Short web captions:
= = =

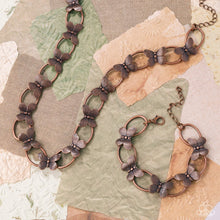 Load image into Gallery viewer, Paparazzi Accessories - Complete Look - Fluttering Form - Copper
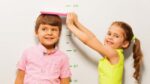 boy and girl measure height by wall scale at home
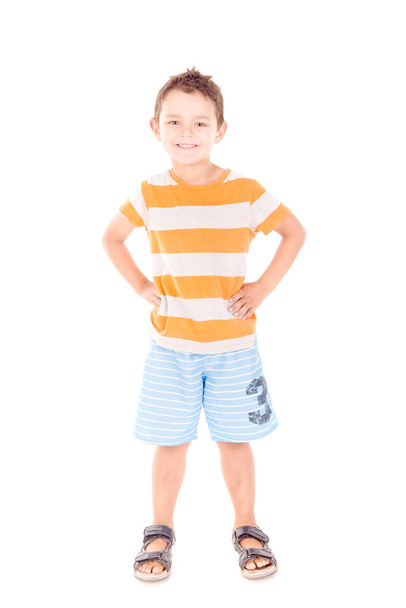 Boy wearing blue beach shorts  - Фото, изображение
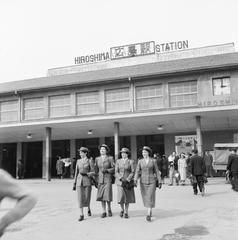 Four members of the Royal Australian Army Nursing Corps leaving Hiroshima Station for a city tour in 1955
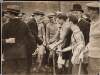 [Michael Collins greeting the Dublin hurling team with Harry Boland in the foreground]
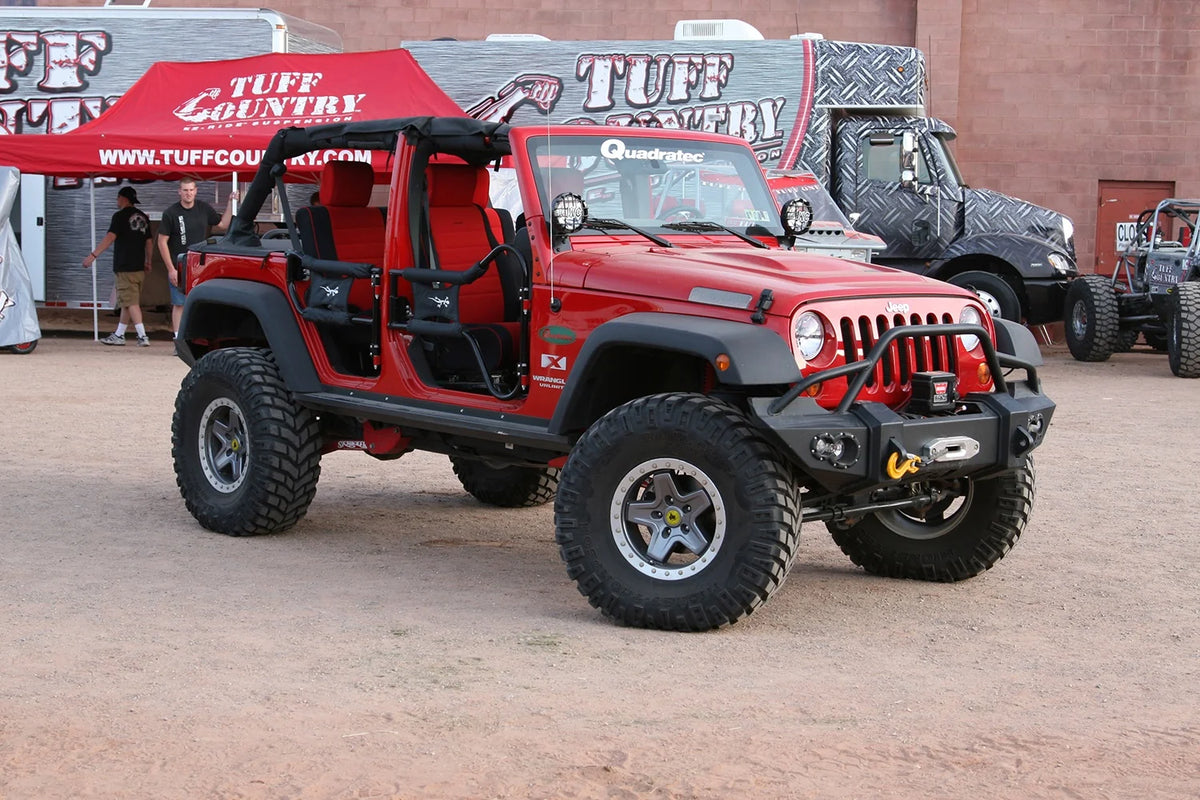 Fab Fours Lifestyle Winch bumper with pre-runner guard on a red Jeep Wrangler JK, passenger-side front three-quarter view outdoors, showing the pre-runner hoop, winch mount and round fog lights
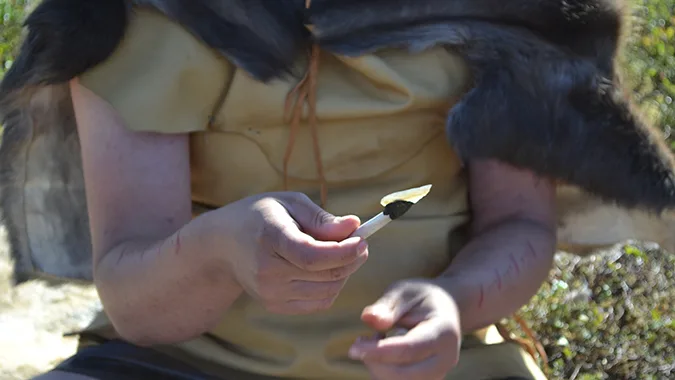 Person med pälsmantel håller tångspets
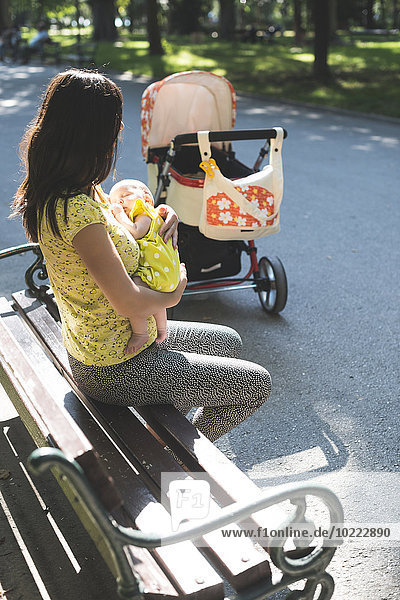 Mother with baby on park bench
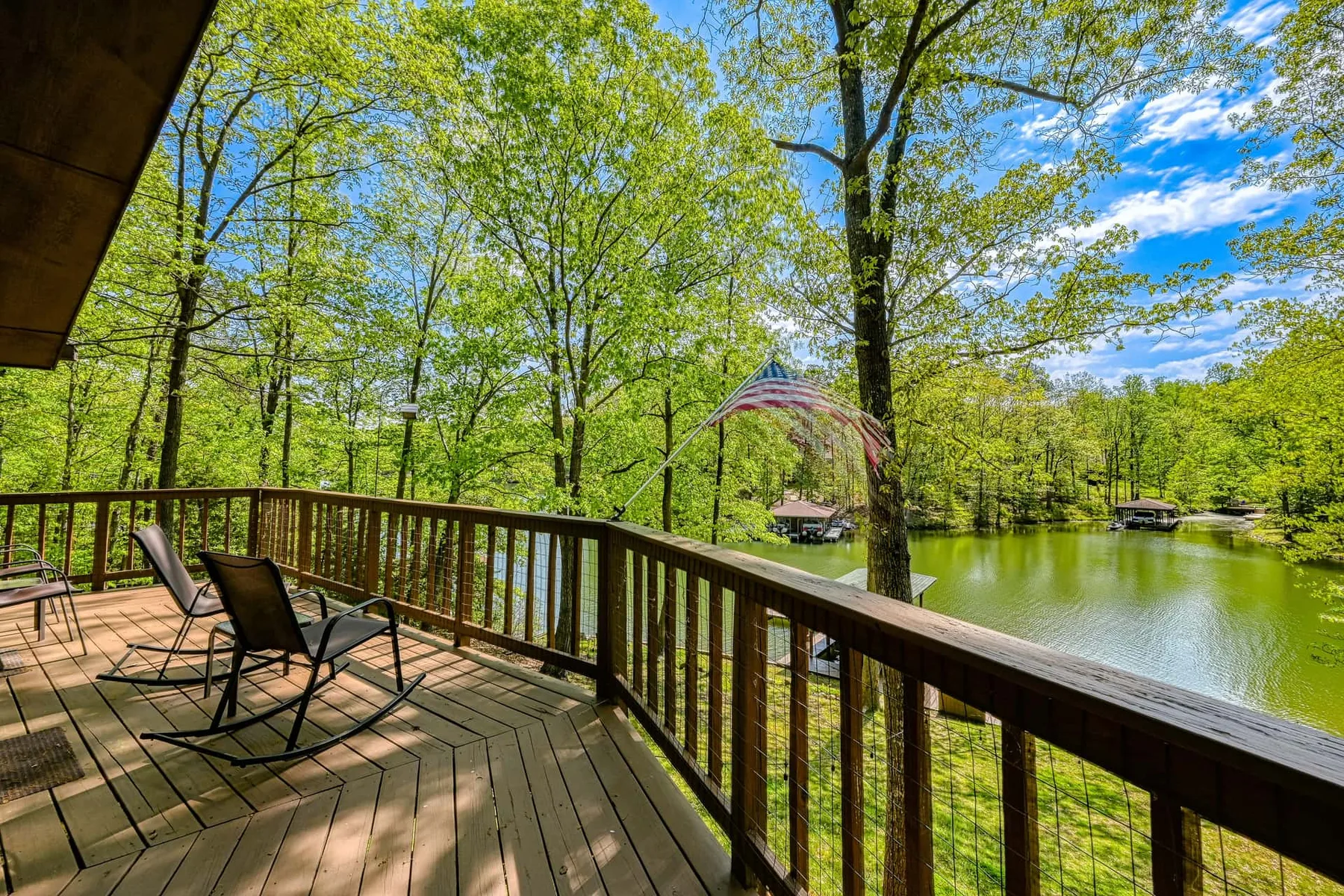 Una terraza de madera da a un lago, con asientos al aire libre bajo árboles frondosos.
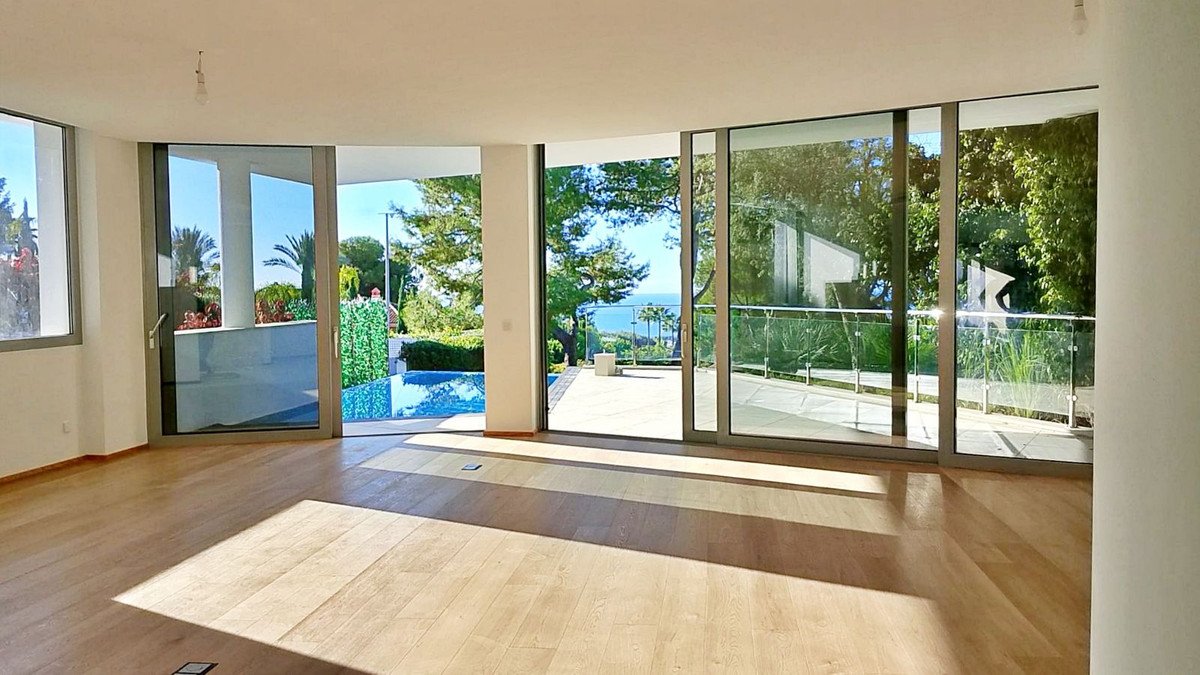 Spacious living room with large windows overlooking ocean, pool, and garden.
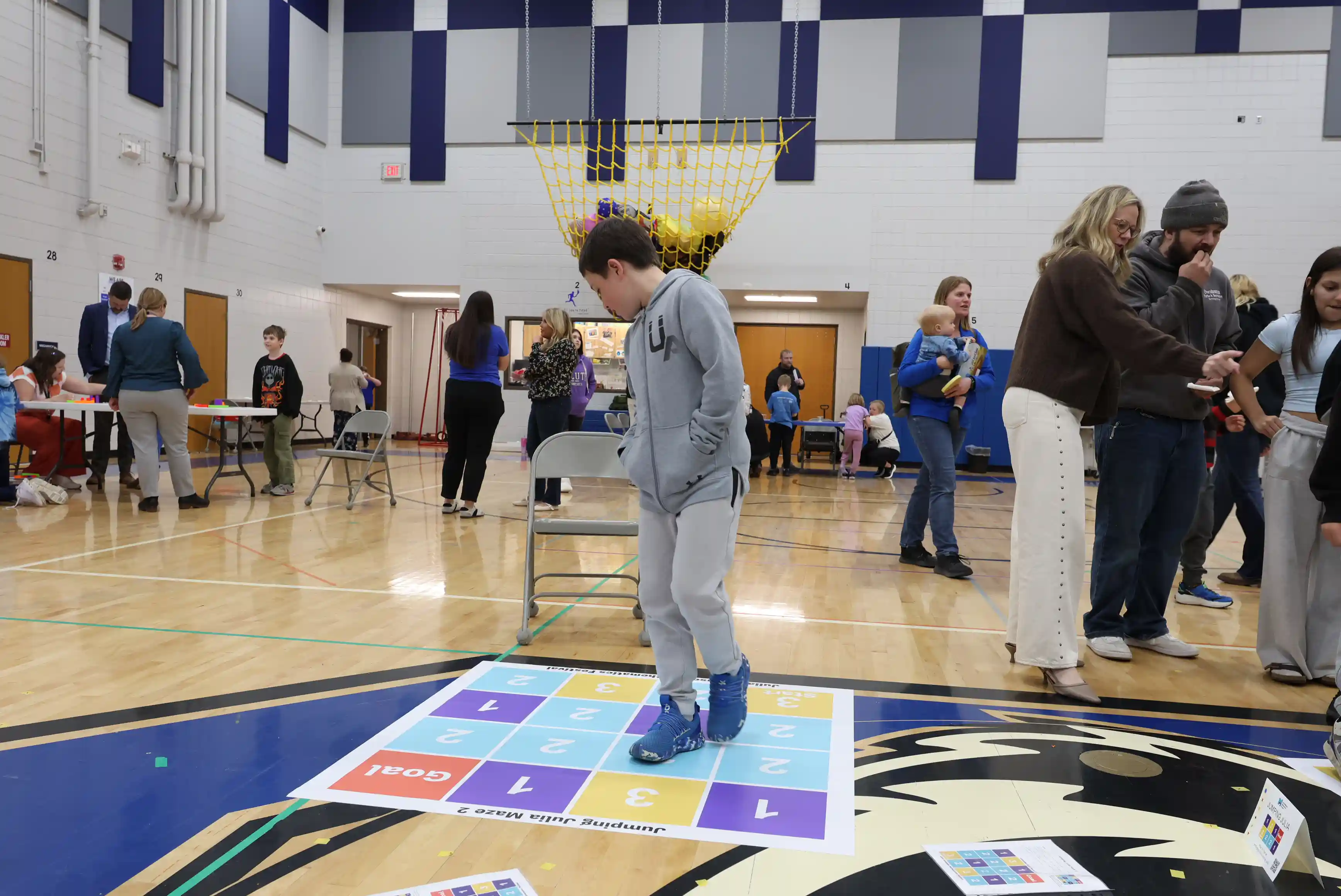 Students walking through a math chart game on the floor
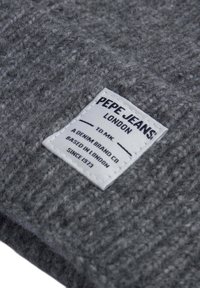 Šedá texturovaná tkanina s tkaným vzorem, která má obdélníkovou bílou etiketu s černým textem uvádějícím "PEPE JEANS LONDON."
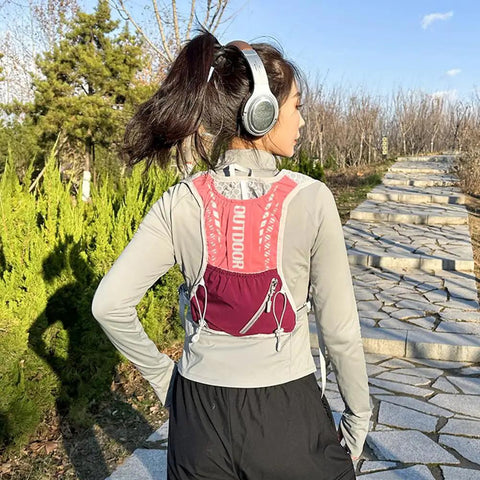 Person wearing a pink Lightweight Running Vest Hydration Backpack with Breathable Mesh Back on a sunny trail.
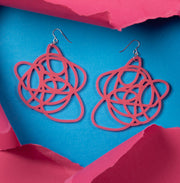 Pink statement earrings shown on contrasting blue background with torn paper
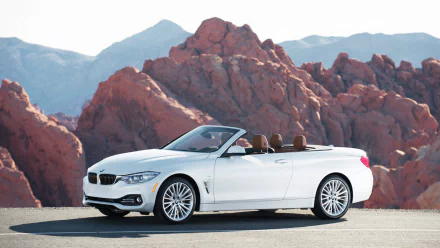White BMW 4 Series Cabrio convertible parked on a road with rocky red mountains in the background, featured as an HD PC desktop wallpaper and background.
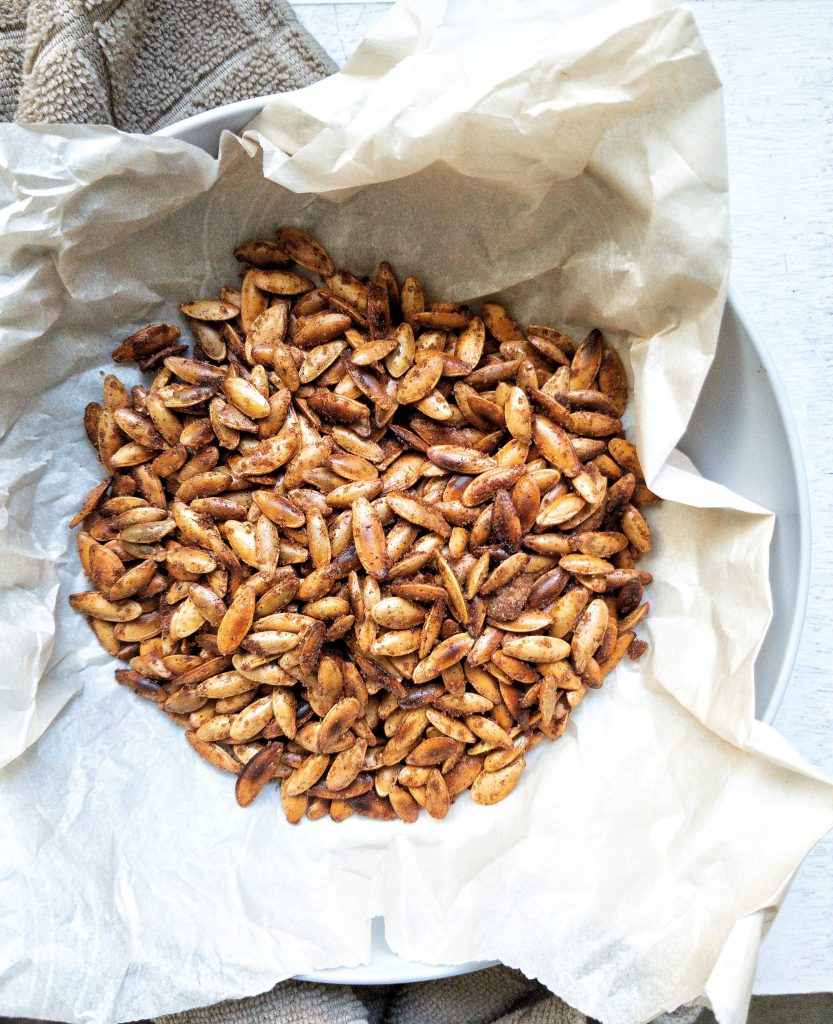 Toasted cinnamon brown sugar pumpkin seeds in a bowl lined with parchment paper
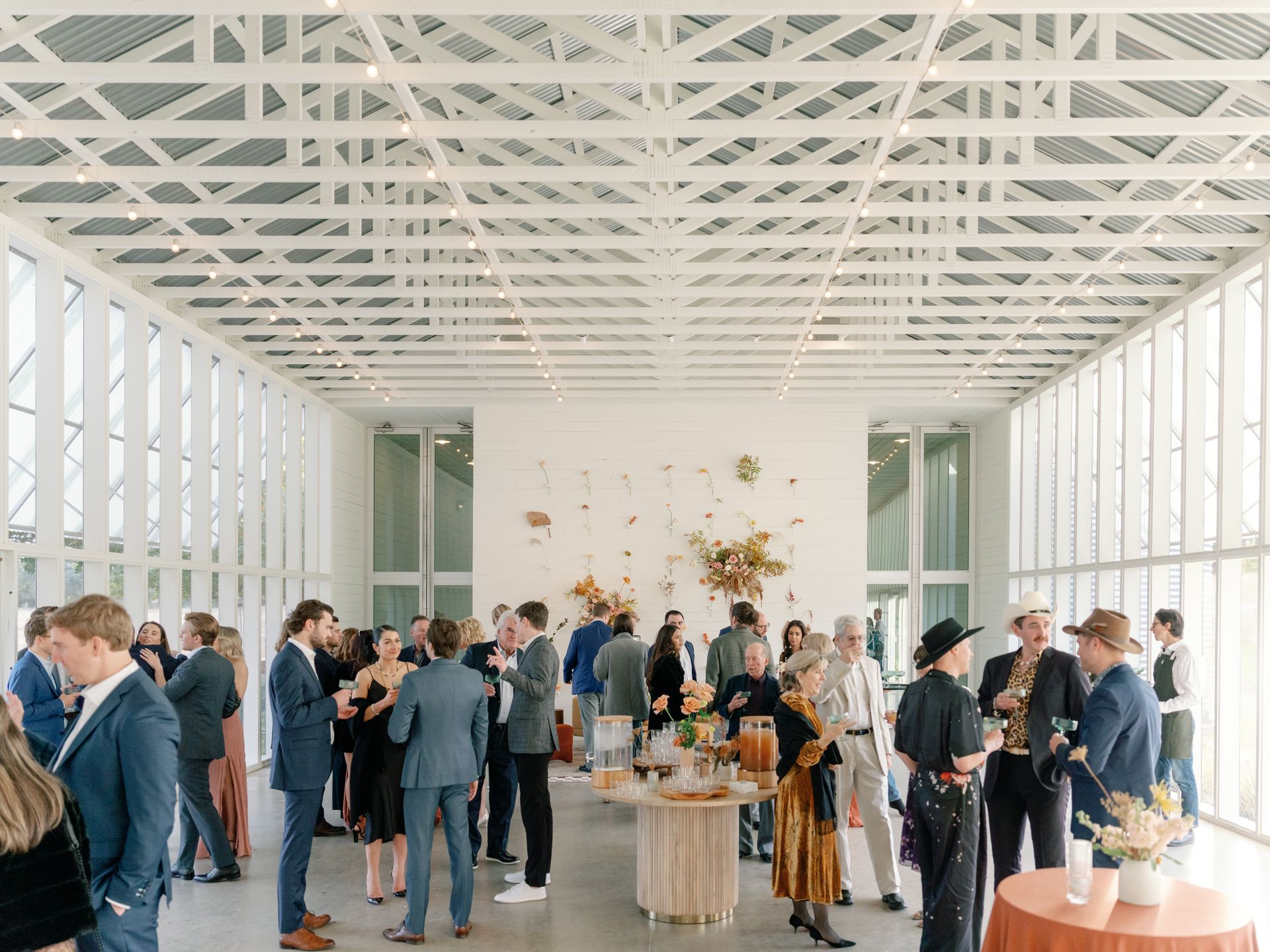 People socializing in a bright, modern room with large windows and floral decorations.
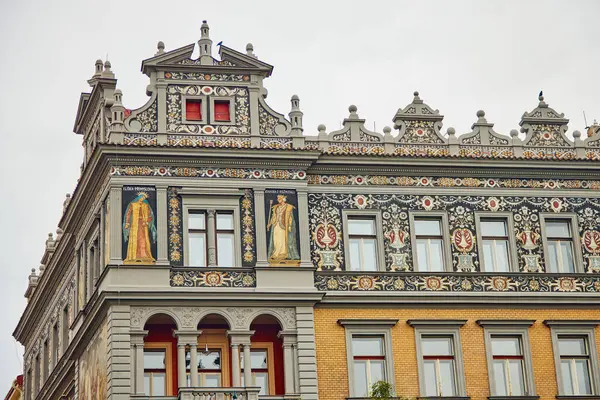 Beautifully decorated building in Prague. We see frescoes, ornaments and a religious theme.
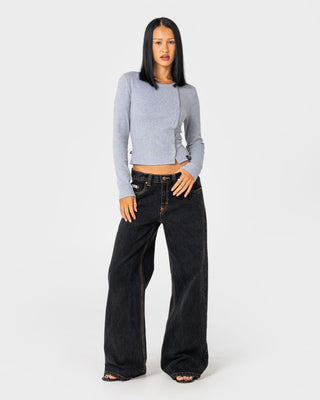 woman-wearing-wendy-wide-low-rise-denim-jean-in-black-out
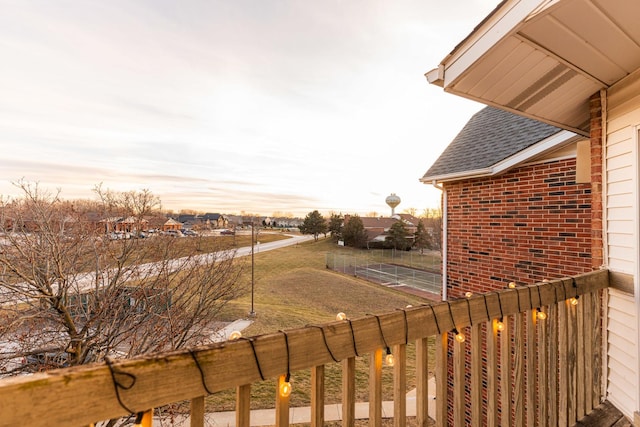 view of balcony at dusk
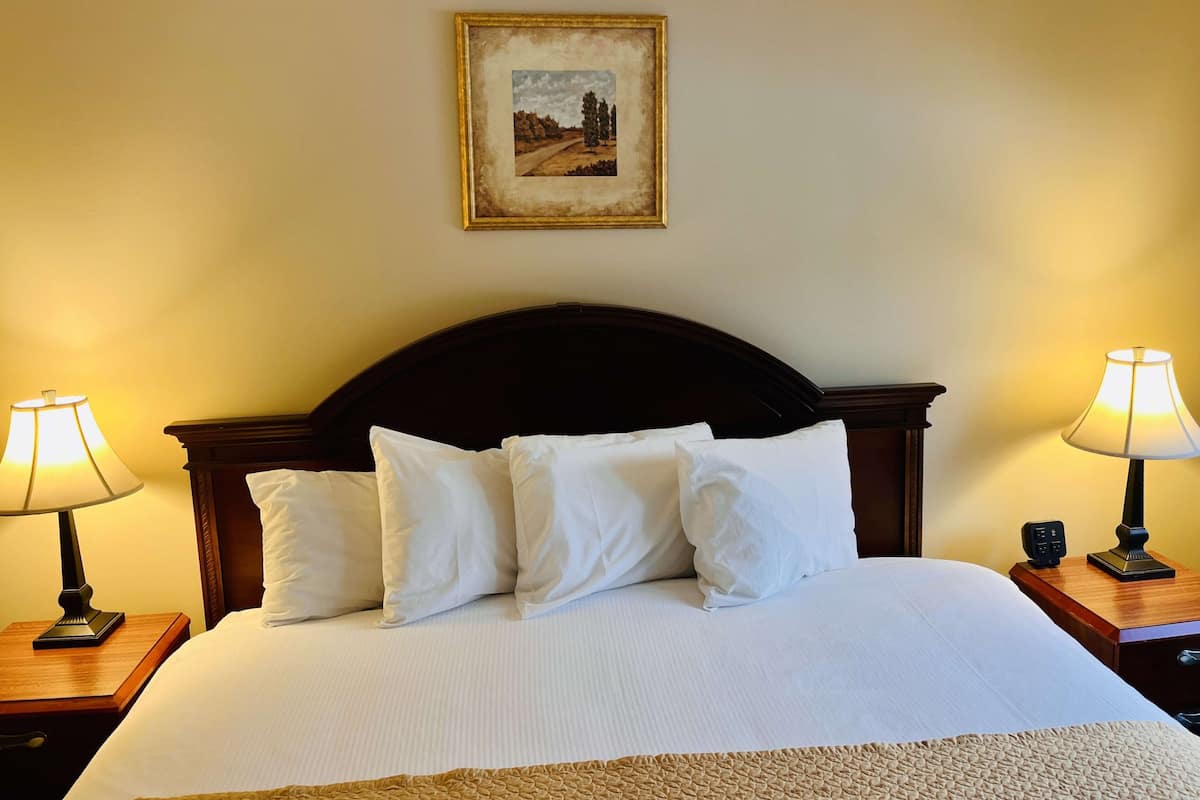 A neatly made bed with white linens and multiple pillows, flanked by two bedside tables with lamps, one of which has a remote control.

= = =

#### Task requirements:
Both the line above containing "Mother with baby on park bench" and the line containing "woman-wearing-wendy-wide-low-rise-denim-jean-in-black-out" belong in the copy, along with every line between them; print these exactly and omit the pictures.

#### Task answer:
 Mother with baby on park bench
 Una terraza de madera da a un lago, con asientos al aire libre bajo árboles frondosos.
 Spacious living room with large windows overlooking ocean, pool, and garden.
 Students walking through a math chart game on the floor
 Šedá texturovaná tkanina s tkaným vzorem, která má obdélníkovou bílou etiketu s černým textem uvádějícím "PEPE JEANS LONDON."
 Person wearing a pink Lightweight Running Vest Hydration Backpack with Breathable Mesh Back on a sunny trail.
 Pink statement earrings shown on contrasting blue background with torn paper
White BMW 4 Series Cabrio convertible parked on a road with rocky red mountains in the background, featured as an HD PC desktop wallpaper and background.
 Toasted cinnamon brown sugar pumpkin seeds in a bowl lined with parchment paper
 People socializing in a bright, modern room with large windows and floral decorations.
 Beautifully decorated building in Prague. We see frescoes, ornaments and a religious theme.
 woman-wearing-wendy-wide-low-rise-denim-jean-in-black-out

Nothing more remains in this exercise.